So this week has definitely tested my willpower in self restraint. The trolls, or as I am more inclined to think, the troll who is assuming multiple "anonymous" personalities, have been coming at me hard. Questioning what I say, demanding proof that I am who I say I am, and just generally feeling entitled to know every single detail about my life.
I thought about how to handle this situation quite a bit. The lesser in me wanted to write up a nasty post and give you the name and phone number of one particular Troll who is demanding that I call her and return the favor by exposing myself. Luckily, I thought better of that.
So after much thought and internal debate, This is the conclusion that I have come too:
I am an anonymous writer and will remain an anonymous writer. There are several reasons why I choose to write anonymously. First and foremost is the protection of my children. What kind of mother would I be if I publicly announced that my children's father was a rapist and then sent them off to school? My life and my history is intricately tied to their lives and their history. My stories are their stories and they will be their stories to tell to whom and when they wish to share them. I have no right sharing with the world things that are a direct reflection on their identities. Secondly, safety. I choose to bare my soul here, every part of me. There needs to be some barrier of safety for me and my family.
By choosing to remain anonymous, I understand that some people will doubt who I am. I also understand that this is extremely baiting to Troll's. As I have learned this week, defending myself is fruitless. It's never ending. No amount of proof is enough. A question is asked, I give an answer. The topic is changed to another question, I give an answer. Eventually we reach a question where even more proof is demanded and I refuse to give it because it is personal. The Troll cheers and claims victory that I must be lying. Some things, short of scanning and posting police reports or medical records, cannot be proved on here. Even if I did that, then what? You want a copy of my drivers license to prove that its my report? Let's say I reveal my identity. Is that proof? Would you like to dig through my sealed childhood records? Talk to my ex? Shall I put my mother on the phone? There will never be enough proof in the world to satisfy everyone.

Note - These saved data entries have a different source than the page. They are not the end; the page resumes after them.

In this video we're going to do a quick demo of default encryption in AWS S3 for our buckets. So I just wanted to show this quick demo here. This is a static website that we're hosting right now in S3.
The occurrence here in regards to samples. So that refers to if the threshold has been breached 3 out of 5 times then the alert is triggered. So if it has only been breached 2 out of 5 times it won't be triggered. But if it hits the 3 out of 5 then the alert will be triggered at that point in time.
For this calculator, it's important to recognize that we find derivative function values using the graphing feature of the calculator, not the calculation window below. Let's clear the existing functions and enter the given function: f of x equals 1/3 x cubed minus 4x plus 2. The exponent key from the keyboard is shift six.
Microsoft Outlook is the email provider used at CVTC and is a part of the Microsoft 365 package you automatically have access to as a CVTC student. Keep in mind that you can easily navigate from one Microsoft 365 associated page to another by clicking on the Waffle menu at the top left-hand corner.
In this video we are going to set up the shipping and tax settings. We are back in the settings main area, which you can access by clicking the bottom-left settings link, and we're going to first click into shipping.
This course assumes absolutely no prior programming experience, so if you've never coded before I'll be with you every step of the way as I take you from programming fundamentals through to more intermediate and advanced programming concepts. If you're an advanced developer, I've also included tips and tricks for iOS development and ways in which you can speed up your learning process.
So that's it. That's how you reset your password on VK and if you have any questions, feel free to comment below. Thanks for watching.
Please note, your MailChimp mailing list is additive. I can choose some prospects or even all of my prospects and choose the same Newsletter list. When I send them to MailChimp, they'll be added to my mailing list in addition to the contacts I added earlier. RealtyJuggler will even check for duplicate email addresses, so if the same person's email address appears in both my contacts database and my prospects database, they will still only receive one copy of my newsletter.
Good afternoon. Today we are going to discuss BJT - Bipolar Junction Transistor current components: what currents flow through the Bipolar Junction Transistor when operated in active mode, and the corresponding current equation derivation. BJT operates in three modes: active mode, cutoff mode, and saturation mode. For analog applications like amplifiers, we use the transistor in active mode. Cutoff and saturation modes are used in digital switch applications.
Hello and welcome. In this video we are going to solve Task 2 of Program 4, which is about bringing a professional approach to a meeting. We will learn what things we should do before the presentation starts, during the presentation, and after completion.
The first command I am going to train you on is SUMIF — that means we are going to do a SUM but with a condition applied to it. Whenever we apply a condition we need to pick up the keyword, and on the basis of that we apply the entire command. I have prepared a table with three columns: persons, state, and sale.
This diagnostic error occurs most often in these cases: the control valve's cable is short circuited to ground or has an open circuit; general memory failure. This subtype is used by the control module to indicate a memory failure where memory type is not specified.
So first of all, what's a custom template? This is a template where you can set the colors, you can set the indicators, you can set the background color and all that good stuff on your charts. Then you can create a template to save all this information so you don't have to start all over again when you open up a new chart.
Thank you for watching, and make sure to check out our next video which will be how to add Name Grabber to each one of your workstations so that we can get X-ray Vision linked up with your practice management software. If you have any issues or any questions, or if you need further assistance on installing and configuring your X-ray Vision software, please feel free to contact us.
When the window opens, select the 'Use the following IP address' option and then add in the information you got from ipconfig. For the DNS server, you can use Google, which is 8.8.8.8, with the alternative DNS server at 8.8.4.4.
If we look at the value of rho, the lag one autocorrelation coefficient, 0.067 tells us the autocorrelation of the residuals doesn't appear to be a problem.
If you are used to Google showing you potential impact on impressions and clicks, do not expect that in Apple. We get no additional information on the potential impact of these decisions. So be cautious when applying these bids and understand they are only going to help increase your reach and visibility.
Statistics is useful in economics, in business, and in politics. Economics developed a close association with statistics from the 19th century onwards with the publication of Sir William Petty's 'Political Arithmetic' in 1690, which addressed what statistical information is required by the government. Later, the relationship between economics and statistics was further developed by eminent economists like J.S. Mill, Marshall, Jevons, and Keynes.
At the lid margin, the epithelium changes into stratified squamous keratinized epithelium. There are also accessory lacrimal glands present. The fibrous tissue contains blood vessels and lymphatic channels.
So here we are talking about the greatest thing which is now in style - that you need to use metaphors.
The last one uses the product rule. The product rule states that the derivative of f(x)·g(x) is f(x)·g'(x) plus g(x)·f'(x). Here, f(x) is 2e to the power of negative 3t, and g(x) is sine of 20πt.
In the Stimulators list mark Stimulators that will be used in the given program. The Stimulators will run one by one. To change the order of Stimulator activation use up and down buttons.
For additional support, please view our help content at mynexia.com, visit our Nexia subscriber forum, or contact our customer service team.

With that being said, I am done defending myself. I wasted more time and energy this week defending myself in the comments to one particular Troll, than writing about the things that I started this blog for. I don't owe anyone anything. I am a single, struggling mother, a broken person trying to heal, and yet I am trying to heal publicly to let others know that they are not alone. I am LOVING seeing all of the survivors gathering in the comments, and I am feeling so blessed to be gaining so much insight from so many wonderful advisers on here.
I won't be wasting anymore energy on the doubters. I have the option of turning the blog comments into "approved only" comments, where when a comment is submitted, it requires my approval before it is posted. I am not doing that. I truly don't believe in censoring out the doubters. They are welcome to come, as long as they are polite. With that being said, this is still my blog and I will delete comments that are harassing, derogatory, attacking other commenter's, and postings of the same exact troll comments on multiple blog posts.
Now, because I am so nice, I will even save the Tolls the trouble, and I will point out the things that they want you to be aware of. Hopefully this will make the Trolls happy. See, aren't I nice?
I am an anonymous blogger.
I have had multiple hardships in my life.
Some of them, actually, most of them, are quite unbelievable.
There have been several literary scam artists in the past, who specifically went after the feelings of others using stories that contained hardships.
I am could be one of them (I'm not.)
So, as the Trolls would love to warn you, I just have.
If you choose to stick around, I would love to have you. If you don't believe me, you are welcome to move on. I will miss you but I hope you find a place you feel more comfortable in.
Any further Troll comments, will be replied to with the link to this posting.
It's not that I am avoiding questions or dodging the truth, its just that I will NEVER win. Every bit of proof is followed by a demand for more. I am a blogger, but I am a person and a mother first. I am not willing to expose my children to the world or compromise the safety of myself and my kids. I will pull the blog down before I will put my identity and the identity of my children on the Internet. If that doesn't sit right with you, I'm sorry.
For those of you that choose to continue along in my journey of healing, I am blessed to have you, and I hope that you are able to find this as a healing place for you as well.